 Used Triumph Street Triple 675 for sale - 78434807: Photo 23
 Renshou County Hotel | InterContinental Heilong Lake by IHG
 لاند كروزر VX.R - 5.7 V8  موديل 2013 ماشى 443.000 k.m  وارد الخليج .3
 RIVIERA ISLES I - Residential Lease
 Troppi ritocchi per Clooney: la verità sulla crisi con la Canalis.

****************

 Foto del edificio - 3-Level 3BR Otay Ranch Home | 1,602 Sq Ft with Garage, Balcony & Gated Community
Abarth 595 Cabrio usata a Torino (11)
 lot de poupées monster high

****************

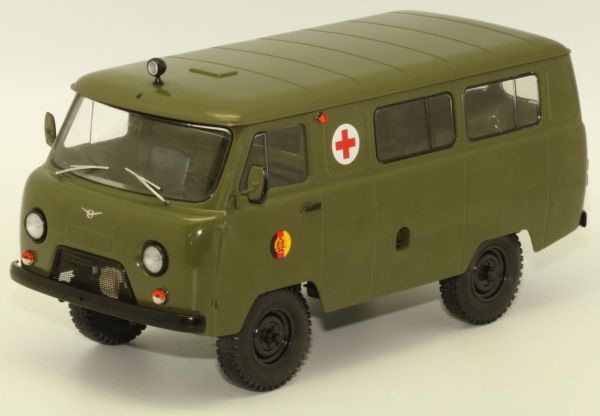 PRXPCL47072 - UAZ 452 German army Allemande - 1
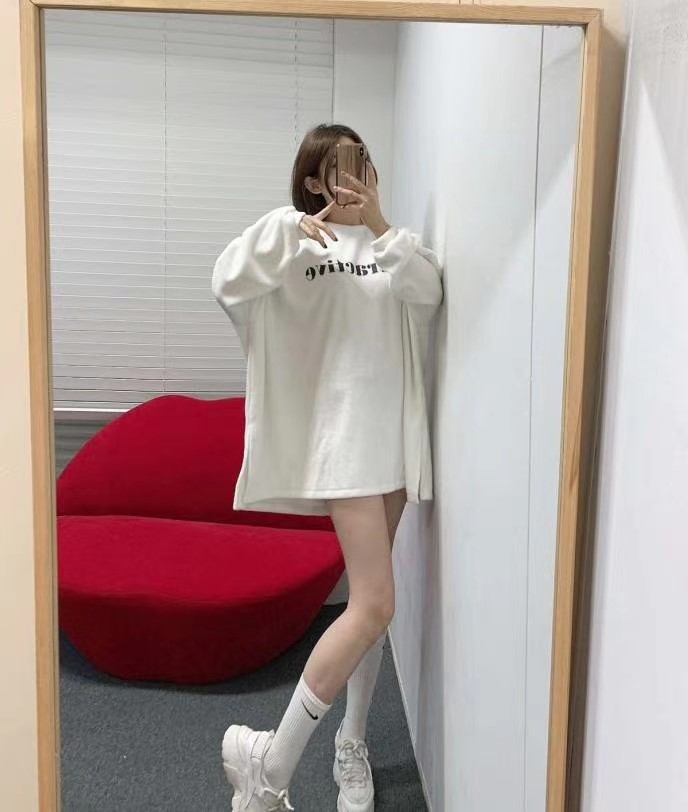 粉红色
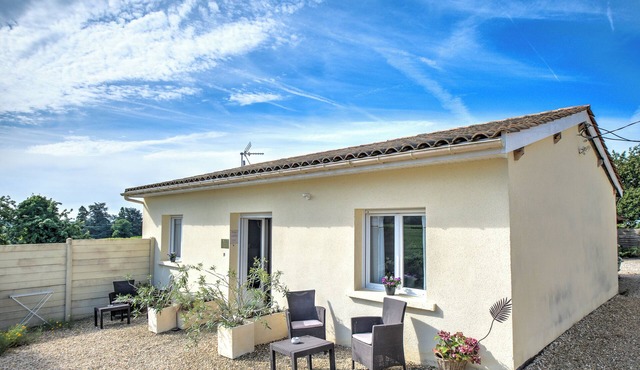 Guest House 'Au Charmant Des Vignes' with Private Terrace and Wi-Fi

****************

**What to produce**
Print exactly the lines above from the one with "Used Triumph Street" to the one with "Troppi ritocchi per", including both.

**Exercise result**
 Used Triumph Street Triple 675 for sale - 78434807: Photo 23
 Renshou County Hotel | InterContinental Heilong Lake by IHG
 لاند كروزر VX.R - 5.7 V8  موديل 2013 ماشى 443.000 k.m  وارد الخليج .3
 RIVIERA ISLES I - Residential Lease
 Troppi ritocchi per Clooney: la verità sulla crisi con la Canalis.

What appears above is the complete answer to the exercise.